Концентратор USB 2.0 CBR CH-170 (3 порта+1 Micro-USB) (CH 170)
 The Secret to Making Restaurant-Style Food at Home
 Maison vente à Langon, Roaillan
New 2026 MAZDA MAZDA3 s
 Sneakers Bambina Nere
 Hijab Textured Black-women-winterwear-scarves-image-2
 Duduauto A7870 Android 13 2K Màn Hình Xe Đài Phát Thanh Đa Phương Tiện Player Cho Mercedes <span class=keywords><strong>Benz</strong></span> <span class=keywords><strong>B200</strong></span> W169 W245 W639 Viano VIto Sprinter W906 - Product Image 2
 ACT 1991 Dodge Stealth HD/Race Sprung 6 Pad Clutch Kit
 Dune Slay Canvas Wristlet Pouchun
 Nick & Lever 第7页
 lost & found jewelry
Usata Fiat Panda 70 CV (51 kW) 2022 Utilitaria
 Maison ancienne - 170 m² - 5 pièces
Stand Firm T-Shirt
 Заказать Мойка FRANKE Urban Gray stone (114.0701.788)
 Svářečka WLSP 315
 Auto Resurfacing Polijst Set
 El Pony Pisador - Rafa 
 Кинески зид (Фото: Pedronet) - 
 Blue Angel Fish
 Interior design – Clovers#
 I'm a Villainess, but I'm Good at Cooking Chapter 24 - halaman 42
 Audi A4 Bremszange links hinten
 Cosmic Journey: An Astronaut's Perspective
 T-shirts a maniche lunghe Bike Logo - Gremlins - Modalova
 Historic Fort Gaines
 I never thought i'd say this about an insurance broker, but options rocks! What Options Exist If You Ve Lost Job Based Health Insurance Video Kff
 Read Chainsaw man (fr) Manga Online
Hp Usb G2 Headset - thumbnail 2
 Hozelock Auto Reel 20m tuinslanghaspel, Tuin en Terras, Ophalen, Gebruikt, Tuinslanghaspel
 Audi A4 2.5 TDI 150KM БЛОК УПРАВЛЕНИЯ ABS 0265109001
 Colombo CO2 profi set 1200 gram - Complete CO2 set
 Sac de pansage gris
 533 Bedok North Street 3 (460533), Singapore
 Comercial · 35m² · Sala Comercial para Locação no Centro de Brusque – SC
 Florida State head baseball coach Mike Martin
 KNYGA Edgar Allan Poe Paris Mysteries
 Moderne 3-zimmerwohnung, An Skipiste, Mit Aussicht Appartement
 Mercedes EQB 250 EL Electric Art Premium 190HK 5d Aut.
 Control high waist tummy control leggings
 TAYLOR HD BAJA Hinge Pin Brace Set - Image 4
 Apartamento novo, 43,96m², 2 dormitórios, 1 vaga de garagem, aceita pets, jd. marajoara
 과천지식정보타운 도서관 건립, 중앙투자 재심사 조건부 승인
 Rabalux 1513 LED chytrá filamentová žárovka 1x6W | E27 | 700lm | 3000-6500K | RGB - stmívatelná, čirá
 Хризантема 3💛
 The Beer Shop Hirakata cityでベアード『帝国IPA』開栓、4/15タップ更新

**ACTION ITEM:** Make a list of all lines in the data that contain "Maison".

**RESULT:**
 Maison vente à Langon, Roaillan
 Maison ancienne - 170 m² - 5 pièces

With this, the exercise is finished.